Having just wrapped up the best decade in the history of our great land without a single recession and the best equity market performance in 70 years (that’s not a typo), you can imagine how rampant bullish stock market recency bias is today!

That said, even I have been taken aback by just how bulled up investors are, and I got to tell you, it’s beginning to feel a lot like 1999.

This past week, a client sent me an interview from Can Never Be Correct (CNBC) with the head of Merrill Lynch Global Wealth Management, Andy Sieg. After watching the 3:15 minute segment, I had to pick my jaw up off the floor.

The interview kicks off with Andy declaring the “trend is your friend,” and that Merrill Lynch is still bullish on the market even after the +30% rip in 2019 because of (and I quote) “earnings, the economy, and the Fed.”

Wait; what?! Doesn’t the Thundering Turd Merrill Lynch have access to current economic data?!

Is Andy bullish because of the current earnings recession that is only going to deepen in 2020?

Are the ML cronies uber-bulled up on the S&P 500 because the U.S. economy has been slowing for 15 months and will continue to slow further in Q1 and Q2 2020?

Finally, what precisely about the Fed does Andy think is a catalyst for higher stock prices?

Unfortunately, we may never know, because no sooner had he vomited that data-independent garbage than he immediately started talking about the “sentiment” of individual investors based on the ML network of 15,000 financial advisors.

He then turns back to ML’s market perspective and opines, “we see things lining up,” leading to a “scenario where the market is up +20% from these levels.” Again, without telling us what exactly is “lining up,” he proceeds to say we are in the midst of a 30-year generational bull market of which the last 10 years are only just the beginning.

This is the kind of Shih Tzu that makes me feel like I’m taking crazy pills. People with important-sounding job titles get on television and pontificate this biased-laden Wall Street rhetoric that investors should always be in the market, and they do so without any data to support their claim and without any accountability to the outcome of their recommendations.

It’s total bat guano! But wait, the Wall Street-induced insanity doesn’t stop there.

At the two-minute mark, Andy stands on his Wall Street branded soapbox and announces for all the world to hear that the 60/40 stock-bond portfolio is “dead.” This declaration prompts the CNBC anchor to chime in that the 60/40 has been dead for a while because “you’re never going to make enough money if you have 40% of your portfolio in bonds.”

Folks, I couldn’t make this up if I tried!

Let me speak succinctly and bluntly.
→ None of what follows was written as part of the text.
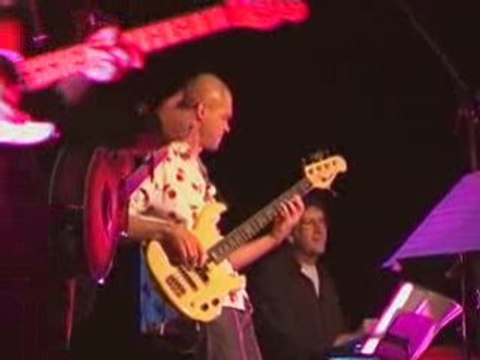 ARLY KARLSEN PRESENTE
After the next recession, when the vast number of retired baby boomers lose -25% to 40% of their nest egg following this jackleg’s advice, I want this fool and anyone else advising people to go all-in on U.S. equities sent to jail! 

Enough is enough. There needs to be a fiduciary responsibility for people in roles such as Mr. Sieg’s. Unsuspecting investors don’t know this guy is a numb nuts who clearly doesn’t understand economics or markets. They don’t understand that guys like Andy aren’t compensated on how ML clients perform, or how much risk they take in their portfolios. He’s paid based on the amount of assets his advisor network amasses, retains, and invests in equities. The wealth management divisions of Wall Street banks are sales organizations, nothing more. 

For the record, the 60/40 portfolio was always a marketing ploy with no statistical teeth to advocate it’s a superior way to invest. That said, the answer isn’t to load your portfolio to the brim with stocks and throw away the key. If Andy or anyone else thinks the last 10 years represents a paradigm shift here in the United States, they’ve got another thing coming. Mr. Sieg and his CNBC sidekick are telling you to kill the bond allocation of your portfolio like Old Yeller. Yet, the fact remains that the S&P 500 cranking to new all-time highs against a growth slowing backdrop means that the risk of a severe market correction (at least a 20% drawdown) is increasing substantially in this supposed “generational” bull market. Trade accordingly.